England were 2-1 up in the series, thanks to two extraordinary spells of furious pace by Frank Tyson.
The Ashes was still up for grabs as the series moved to Adelaide. And it was a battle of attrition from the first day.
The Australians fought their way to 323 after being 8 down for 229. After a good start for England on the second afternoon, Bill Edrich and Peter May fell in quick succession on the third morning. Skipper and supreme opening batsman Len Hutton was joined by a young Colin Cowdrey and the score was advanced by 99 before Bill Johnston removed the older man for 80.
It was at this critical juncture, the score reading 162 for 3, that Denis Compton walked to the wicket. The great days of this flamboyant batsman seemed more and more like distant memories of the past, as his dodgy knee and indifferent form continued to keep the English fans on tenterhooks.
Compton, the elderly knight of English batting, and Cowdrey, the modern face of the classical willow, now started stitching together another useful, albeit rather painstaking, partnership. In the pavilion, Hutton watched, face riveted in tension, with twelfth man Vic Wilson sitting next to him. The man touring Australia as a cover for Compton’s knee.

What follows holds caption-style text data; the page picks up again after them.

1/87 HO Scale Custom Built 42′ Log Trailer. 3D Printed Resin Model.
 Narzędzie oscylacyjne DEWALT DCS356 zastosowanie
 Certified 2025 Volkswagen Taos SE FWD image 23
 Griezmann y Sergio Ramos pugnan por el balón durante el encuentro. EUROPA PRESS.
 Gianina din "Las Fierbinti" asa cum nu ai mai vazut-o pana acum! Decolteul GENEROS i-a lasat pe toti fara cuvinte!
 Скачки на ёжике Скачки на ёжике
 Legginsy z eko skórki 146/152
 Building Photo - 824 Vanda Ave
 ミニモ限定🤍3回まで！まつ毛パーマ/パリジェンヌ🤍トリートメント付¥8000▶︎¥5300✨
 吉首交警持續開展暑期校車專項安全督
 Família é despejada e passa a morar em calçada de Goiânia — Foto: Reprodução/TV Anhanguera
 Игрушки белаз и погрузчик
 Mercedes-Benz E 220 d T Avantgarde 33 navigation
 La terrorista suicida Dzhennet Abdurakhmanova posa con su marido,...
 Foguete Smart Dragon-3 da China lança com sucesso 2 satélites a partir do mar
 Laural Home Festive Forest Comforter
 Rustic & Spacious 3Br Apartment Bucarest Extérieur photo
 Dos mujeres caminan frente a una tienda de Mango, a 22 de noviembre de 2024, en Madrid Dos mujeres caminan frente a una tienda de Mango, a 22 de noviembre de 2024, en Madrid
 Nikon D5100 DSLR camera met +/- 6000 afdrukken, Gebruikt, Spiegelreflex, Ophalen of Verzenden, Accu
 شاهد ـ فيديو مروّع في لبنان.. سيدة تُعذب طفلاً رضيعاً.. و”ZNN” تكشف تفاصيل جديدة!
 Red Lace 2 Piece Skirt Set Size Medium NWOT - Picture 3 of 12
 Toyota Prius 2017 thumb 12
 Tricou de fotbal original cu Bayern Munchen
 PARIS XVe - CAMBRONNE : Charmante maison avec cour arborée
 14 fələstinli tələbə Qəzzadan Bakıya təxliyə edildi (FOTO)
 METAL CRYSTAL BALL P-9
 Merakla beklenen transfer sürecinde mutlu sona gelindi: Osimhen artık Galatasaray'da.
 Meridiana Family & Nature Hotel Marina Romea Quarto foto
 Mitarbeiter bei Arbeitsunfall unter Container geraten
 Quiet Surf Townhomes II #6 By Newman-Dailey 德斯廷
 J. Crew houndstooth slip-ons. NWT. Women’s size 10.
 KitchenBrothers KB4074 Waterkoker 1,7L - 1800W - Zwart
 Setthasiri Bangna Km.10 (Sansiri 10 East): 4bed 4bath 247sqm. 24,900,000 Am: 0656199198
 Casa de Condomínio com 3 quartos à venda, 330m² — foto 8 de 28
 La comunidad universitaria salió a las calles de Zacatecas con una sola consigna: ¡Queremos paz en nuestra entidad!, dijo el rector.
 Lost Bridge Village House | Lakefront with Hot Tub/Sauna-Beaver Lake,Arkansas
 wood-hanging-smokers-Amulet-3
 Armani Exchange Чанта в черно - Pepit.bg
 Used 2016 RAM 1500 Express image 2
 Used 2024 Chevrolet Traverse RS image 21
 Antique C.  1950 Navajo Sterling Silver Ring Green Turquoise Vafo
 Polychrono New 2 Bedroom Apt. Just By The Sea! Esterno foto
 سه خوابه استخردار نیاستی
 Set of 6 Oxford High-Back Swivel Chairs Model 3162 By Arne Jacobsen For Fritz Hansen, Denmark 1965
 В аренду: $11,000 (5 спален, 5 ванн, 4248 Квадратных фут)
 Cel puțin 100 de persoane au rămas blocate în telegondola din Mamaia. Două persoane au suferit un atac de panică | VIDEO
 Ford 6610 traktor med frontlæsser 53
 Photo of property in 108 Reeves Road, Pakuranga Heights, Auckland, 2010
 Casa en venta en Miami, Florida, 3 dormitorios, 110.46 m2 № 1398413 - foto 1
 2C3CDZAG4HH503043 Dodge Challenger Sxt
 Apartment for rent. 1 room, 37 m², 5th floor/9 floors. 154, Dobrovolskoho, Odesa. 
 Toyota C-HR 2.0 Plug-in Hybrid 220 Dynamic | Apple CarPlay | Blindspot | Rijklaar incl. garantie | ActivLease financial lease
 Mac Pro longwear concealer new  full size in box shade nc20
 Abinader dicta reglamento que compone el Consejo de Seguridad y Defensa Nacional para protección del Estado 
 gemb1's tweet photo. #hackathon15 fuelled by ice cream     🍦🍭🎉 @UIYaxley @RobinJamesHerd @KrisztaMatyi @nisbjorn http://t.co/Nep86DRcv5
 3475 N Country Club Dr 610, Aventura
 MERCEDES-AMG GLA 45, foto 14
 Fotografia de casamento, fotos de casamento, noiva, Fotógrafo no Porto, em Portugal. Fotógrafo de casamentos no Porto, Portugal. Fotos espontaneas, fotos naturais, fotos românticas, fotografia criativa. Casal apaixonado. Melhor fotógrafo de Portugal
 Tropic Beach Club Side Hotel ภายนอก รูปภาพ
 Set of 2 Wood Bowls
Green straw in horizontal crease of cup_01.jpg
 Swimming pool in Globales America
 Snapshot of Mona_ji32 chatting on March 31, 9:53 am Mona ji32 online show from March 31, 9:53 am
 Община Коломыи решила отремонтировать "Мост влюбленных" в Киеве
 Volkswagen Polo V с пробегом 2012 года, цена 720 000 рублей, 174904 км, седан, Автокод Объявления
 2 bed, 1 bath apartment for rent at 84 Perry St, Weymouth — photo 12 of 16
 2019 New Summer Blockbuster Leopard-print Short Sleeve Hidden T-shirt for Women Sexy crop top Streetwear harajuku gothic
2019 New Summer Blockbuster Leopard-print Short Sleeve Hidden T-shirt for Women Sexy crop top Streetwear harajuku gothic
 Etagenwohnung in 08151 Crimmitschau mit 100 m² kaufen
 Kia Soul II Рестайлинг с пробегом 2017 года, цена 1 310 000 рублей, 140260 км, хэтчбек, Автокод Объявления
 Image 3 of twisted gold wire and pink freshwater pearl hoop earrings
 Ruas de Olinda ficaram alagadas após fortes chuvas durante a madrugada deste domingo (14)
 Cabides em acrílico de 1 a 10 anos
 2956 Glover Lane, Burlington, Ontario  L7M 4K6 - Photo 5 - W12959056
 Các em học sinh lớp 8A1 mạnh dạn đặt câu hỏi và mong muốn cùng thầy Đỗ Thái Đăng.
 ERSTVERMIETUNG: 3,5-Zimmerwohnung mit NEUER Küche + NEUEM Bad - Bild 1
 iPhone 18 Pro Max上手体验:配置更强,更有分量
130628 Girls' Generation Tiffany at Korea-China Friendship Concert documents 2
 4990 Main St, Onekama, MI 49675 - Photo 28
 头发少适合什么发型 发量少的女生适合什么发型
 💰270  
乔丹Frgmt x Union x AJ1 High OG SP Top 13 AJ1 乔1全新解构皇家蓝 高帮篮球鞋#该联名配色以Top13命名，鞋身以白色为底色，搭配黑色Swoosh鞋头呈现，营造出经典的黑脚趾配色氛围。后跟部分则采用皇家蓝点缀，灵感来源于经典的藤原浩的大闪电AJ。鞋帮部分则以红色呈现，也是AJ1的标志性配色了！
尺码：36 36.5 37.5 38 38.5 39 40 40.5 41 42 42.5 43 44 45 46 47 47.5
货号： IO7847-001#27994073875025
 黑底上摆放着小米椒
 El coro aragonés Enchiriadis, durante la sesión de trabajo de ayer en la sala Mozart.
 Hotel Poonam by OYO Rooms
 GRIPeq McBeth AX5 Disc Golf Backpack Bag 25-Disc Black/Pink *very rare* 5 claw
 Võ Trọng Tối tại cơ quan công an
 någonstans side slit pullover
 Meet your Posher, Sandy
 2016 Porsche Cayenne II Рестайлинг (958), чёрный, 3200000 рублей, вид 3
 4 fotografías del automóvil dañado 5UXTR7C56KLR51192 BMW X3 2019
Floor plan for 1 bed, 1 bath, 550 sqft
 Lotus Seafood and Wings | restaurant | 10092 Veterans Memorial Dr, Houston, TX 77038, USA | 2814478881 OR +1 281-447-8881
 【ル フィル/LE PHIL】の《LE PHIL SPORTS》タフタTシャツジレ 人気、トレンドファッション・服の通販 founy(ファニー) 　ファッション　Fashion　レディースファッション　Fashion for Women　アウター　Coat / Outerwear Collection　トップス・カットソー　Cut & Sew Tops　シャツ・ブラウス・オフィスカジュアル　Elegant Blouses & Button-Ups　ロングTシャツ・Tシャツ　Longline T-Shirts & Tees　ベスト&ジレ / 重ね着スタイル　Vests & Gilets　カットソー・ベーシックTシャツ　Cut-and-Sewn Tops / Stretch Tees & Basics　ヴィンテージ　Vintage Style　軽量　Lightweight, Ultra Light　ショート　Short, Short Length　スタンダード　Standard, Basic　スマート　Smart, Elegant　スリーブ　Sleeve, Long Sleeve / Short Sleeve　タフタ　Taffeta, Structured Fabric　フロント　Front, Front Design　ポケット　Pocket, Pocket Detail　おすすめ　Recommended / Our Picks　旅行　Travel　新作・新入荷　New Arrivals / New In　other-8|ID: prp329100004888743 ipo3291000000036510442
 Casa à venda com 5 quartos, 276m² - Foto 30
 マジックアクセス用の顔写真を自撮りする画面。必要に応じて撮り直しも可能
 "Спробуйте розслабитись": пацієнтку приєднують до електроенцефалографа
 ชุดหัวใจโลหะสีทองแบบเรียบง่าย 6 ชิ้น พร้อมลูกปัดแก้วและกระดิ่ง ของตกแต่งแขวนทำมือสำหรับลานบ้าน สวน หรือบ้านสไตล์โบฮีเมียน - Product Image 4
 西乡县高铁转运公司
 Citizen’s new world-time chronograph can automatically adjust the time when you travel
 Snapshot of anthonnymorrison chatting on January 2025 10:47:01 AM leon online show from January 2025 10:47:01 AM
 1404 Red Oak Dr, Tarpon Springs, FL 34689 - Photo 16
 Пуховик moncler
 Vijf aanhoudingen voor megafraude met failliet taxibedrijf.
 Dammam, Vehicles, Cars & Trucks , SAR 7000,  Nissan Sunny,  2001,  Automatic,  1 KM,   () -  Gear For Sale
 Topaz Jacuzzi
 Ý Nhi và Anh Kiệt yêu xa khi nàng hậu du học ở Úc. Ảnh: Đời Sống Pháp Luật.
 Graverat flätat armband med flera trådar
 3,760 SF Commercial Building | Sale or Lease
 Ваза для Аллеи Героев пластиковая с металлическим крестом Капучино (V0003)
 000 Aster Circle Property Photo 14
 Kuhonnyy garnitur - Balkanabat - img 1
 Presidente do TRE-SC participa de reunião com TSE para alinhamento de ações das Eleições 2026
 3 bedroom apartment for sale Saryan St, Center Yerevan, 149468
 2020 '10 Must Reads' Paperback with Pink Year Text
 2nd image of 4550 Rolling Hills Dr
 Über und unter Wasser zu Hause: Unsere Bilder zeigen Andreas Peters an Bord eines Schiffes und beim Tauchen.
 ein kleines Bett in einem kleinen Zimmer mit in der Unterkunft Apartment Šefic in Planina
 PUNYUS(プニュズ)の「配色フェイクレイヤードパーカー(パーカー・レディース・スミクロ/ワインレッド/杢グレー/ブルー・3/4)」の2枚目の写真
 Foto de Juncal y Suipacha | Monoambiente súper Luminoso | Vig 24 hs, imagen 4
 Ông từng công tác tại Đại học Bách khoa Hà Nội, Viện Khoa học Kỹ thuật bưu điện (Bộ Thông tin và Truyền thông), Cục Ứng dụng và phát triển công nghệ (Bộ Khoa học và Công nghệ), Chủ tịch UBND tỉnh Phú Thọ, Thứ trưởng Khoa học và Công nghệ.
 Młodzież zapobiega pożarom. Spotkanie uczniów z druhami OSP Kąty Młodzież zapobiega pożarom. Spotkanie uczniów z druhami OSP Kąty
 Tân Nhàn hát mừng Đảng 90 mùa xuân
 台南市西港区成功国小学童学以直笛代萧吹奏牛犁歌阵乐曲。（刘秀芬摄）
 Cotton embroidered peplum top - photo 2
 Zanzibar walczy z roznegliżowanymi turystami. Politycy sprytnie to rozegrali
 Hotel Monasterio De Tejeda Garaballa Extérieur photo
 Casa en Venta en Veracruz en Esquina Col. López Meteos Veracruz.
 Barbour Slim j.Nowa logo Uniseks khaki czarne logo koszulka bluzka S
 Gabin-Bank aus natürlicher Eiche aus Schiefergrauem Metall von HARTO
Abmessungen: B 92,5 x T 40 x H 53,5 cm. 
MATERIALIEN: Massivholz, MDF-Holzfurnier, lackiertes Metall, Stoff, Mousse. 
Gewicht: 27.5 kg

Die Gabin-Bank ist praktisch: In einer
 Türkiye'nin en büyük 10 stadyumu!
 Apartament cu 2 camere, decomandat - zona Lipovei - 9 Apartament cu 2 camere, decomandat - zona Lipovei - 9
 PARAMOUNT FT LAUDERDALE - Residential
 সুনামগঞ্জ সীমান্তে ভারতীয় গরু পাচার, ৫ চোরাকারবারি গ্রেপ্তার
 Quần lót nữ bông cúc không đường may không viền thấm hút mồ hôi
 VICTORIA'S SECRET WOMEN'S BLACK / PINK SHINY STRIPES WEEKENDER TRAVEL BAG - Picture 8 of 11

Before boarding the SS Orsova, Hutton, mindful of Compton’s injury, had bet selector Gubby Allen the princely sum of £1 that Wilson would average more than Cowdrey. After all, it was Allen’s recommendation that had got Cowdrey a ticket for the tour.
Now, after 40 on debut at Brisbane, 54 invaluable second innings runs at Sydney, and 102 at Melbourne, Cowdrey was fast becoming the backbone of the batting, alongside the other supremely talented young man Peter May. And Wilson had not managed to feature in a Test match and would never do so. Hutton was not complaining.
But the spectators of Adelaide were. The incredibly slow rate of scoring was getting on their nerves. There arose a din of barracking, growing more severe by the minute. And the youthful Cowdrey, experience yet to rein in the reactions, was instigated to play a couple of very rash strokes.
And then came Hutton’s masterstroke. Not only does he stand as the very best post-War opening batsman ever produced across the globe, he was also the canniest of captains.
Wilson was dispatched to the ground.
As Cowdrey remembered in his autobiography MCC, “I looked around at the end of an over to see Vic Wilson, the twelfth man, calmly walking out to the middle. As I had not signalled to the dressing-room for anything, nor was it the drinks interval, I could only assume that Compton had indicated that he wanted some fresh batting gloves.
“Wilson, however, kept walking straight to my end. I was mystified. He reached into his blazer pocket, produced two bananas and gave them to me. I said, ‘What the hell are these for?’ Wilson replied, ‘Well, the skipper thought you might be hungry. He watched you play a couple of wild shots just now. It rather suggests he is keen for you to stay out here batting a little longer.’”
The two bananas were exactly what the young Kent batsman needed.
Cowdrey made 79. England won again. At the end of the series, Cowdrey had 319 runs with a hundred and two fifties. Wilson did not get a look-in.
Hutton, a Yorkshireman, never eager to part with money, happily paid that wagered £1 to Allen.